*WHAT IS BEING ASKED*
Transcribe word for word each line from the one containing "Aguchik Island tide" to the final line of the data, both included. Skip the pictures.

*RECORDED DATA*
☆ ☆ ☆
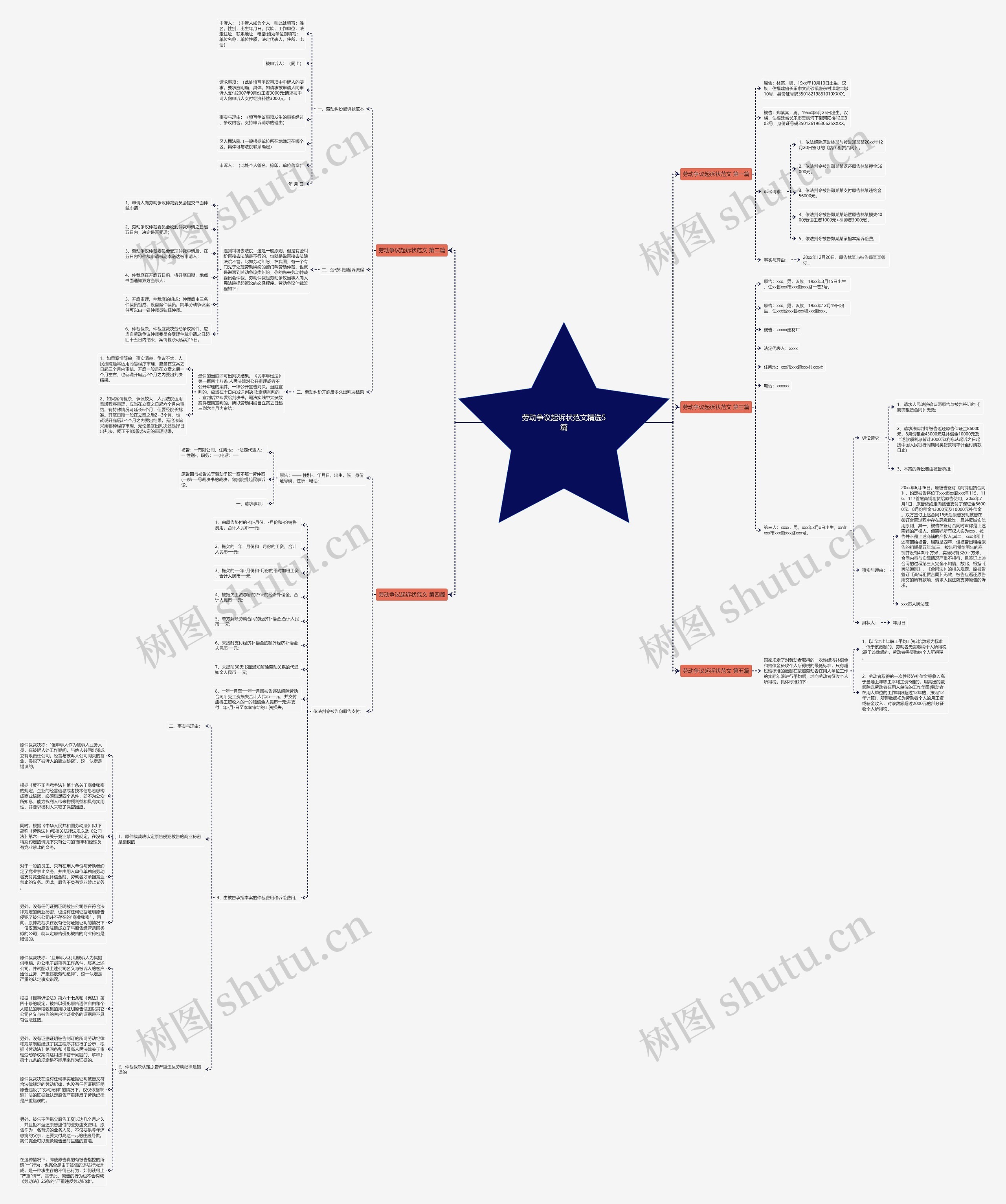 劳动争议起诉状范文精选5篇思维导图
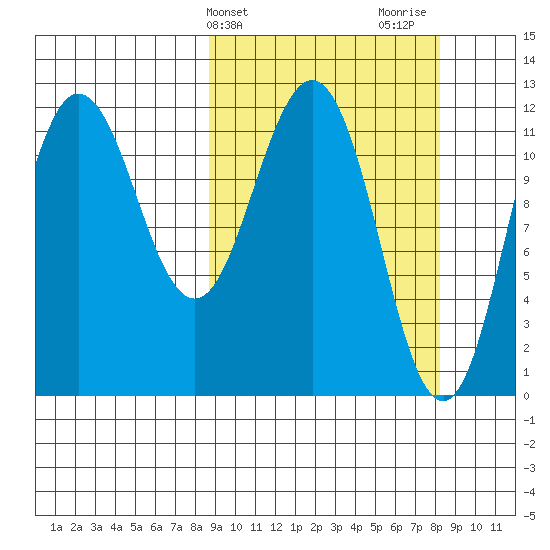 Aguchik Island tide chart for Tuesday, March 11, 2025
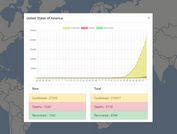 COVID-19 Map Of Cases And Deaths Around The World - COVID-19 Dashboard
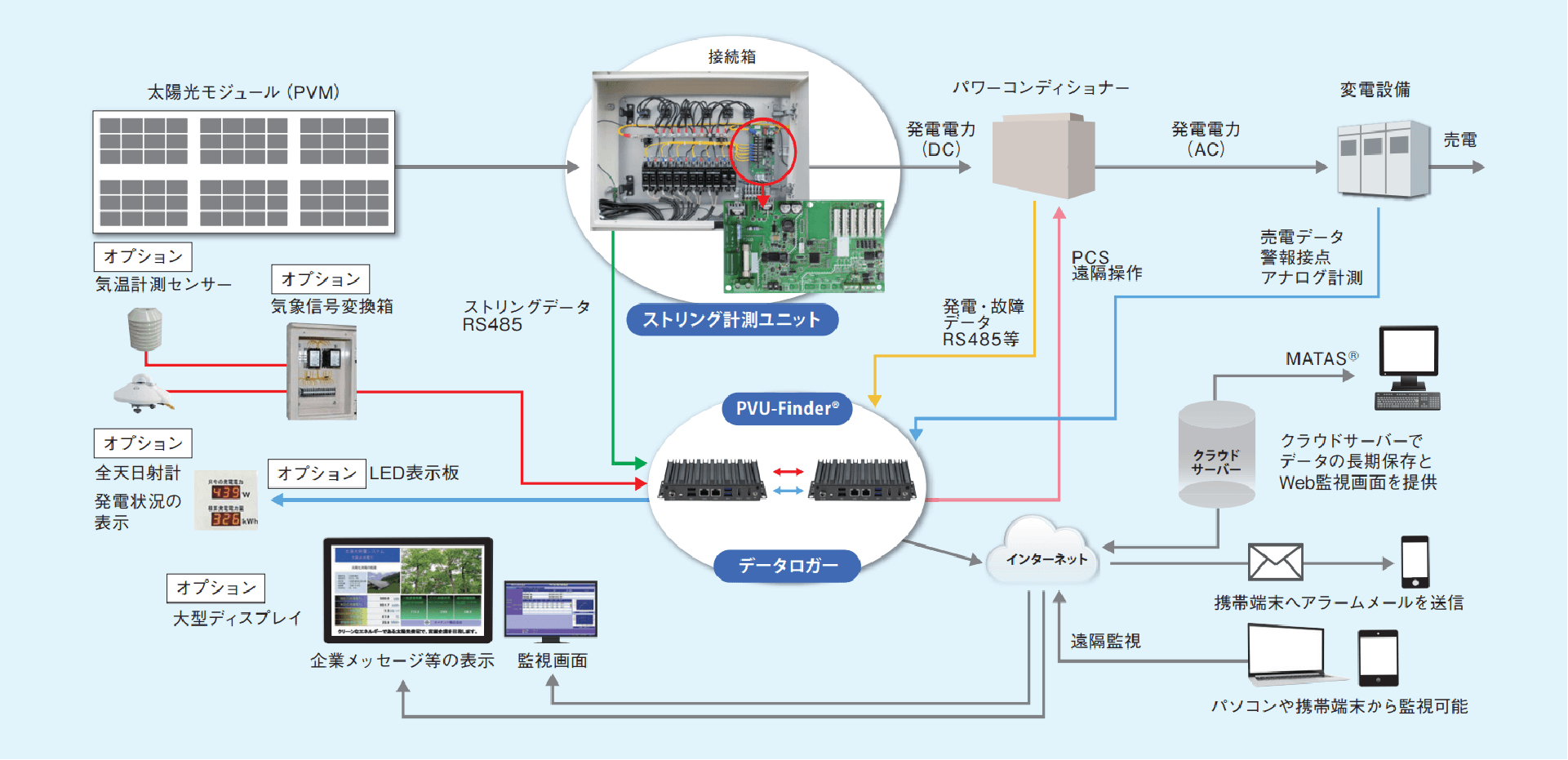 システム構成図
☆ ☆ ☆
*SOLUTION*
 Aguchik Island tide chart for Tuesday, March 11, 2025
 COVID-19 Map Of Cases And Deaths Around The World - COVID-19 Dashboard
 システム構成図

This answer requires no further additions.